Author(s): Brian Lavery
As she lay in dry dock, devastatingly damaged by one of Hitler's newly deployed magnetic mines after barely two months in service, few could have predicted the illustrious career that lay ahead for the cruiser HMS Belfast. After three years of repairs to her broken keel, engine- and boiler-rooms, and extensive refitting, she would go on to play a critical role in the protection of the Arctic Convoys, would fire one of the opening shots at D-Day and continue supporting the Operation Overlord landings for five weeks. Her service continued beyond the Second World War both in Korea and in the Far East before she commenced her life as one of the world's most celebrated preserved visitor ships in the Pool of London. Her crowning glory however came in December 1943 when, equipped with the latest radar technology, she was to play the leading role in the Battle of the North Cape sinking the feared German battlecruiser Scharnhorst, the bete noir of the Royal Navy.
In doing so the ship's crew made a vital contribution to, what was to be, the final big-gun head-to-head action to be fought at sea In The Last Big Gun Brian Lavery, the foremost historian of the Royal Navy, employs his trademark wide-ranging narrative style and uses the microcosm of the ship to tell the wider story of the naval war at sea and vividly portray the realities for all of life aboard a Second World War battleship.

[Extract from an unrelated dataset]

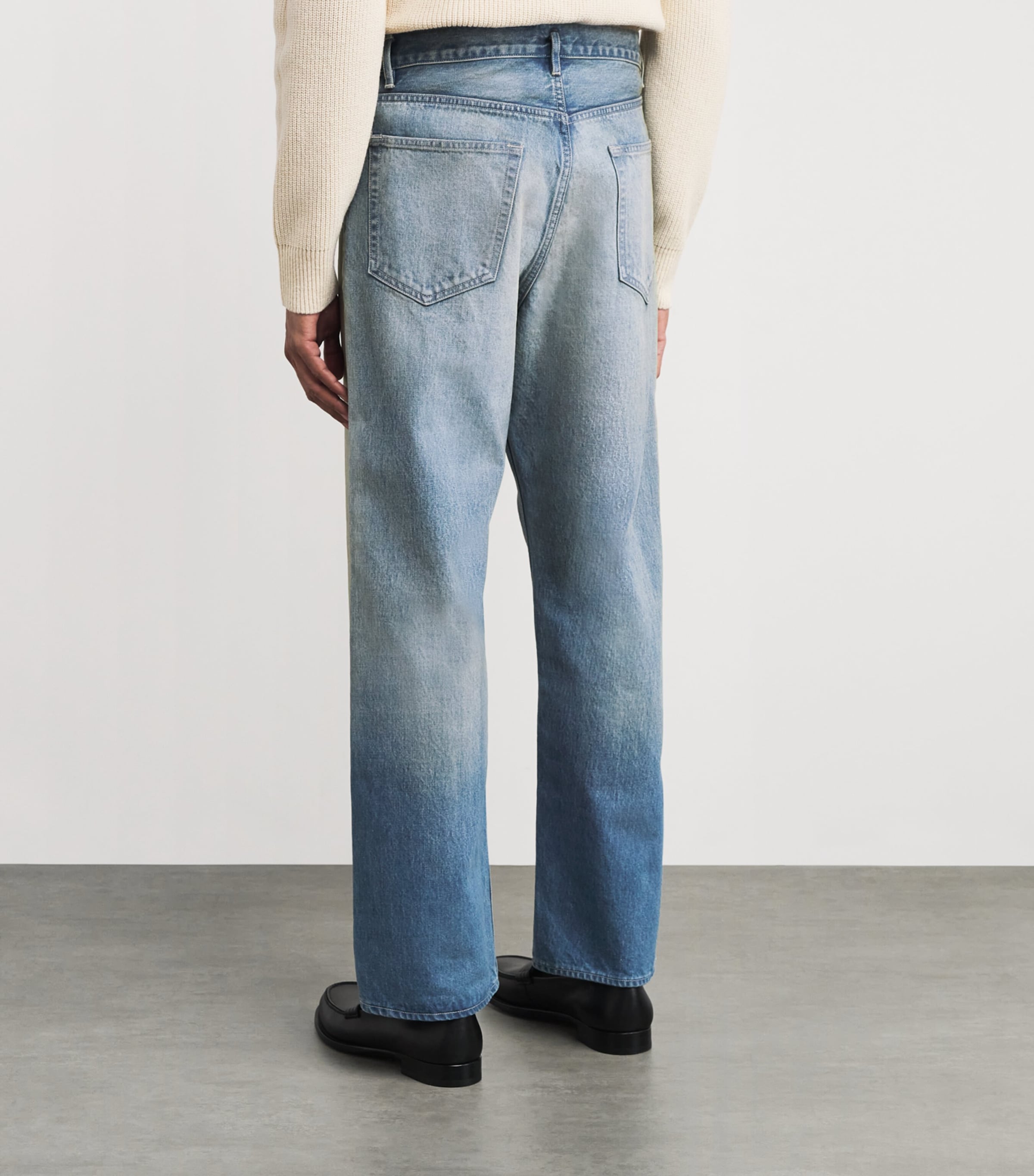 Faded Selvedge Wide-Leg Jeans FADED INDIGO Image 4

The book is lavishly illustrated with photographs and illustrations and will appeal to all those with an interest in military history and life in the wartime Royal Navy.
Another stirring story of WWII that in days gone by would have been handled by someone like author Paul Brickhill. No student of WWII history should pass this one by... -- Paul Norman Books Monthly 17/02/2016 The author's informative, yet engaging style will grip the reader's attention ... Whether one is interested in the ship itself, life at sea or naval history, this is a brilliant and exhaustive chronicle of Belfast's varied service. -- Captain Peter Hore Warships International 17/02/2016 Brian Lavery's style is, as we have come to expect from his past work, succinct and very readable, even gripping when describing the ship in action. ... This is a thoroughly worthwhile volume for those interested both in the ship herself and in war at sea in the mid-20th century. -- Roger Marsh Ships in Scale 02/03/2016
Brian Lavery is one of Britain's leading naval historians and a prolific author. A Curator Emeritus at the National Maritime Museum, Greenwich, and a renowned expert on the sailing navy and the Royal Navy, in 2007 he won the prestigious Desmond Wettern Maritime Media Award. His naval writing was further honoured in 2008 with the Society of Nautical Research's Anderson Medal. His recent titles include Ship (2006), Royal Tars (2010), Conquest of the Ocean (2013), In Which They Served (2008), Churchill's Navy (2006), and the Sunday Times bestseller Empire of the Seas (2010).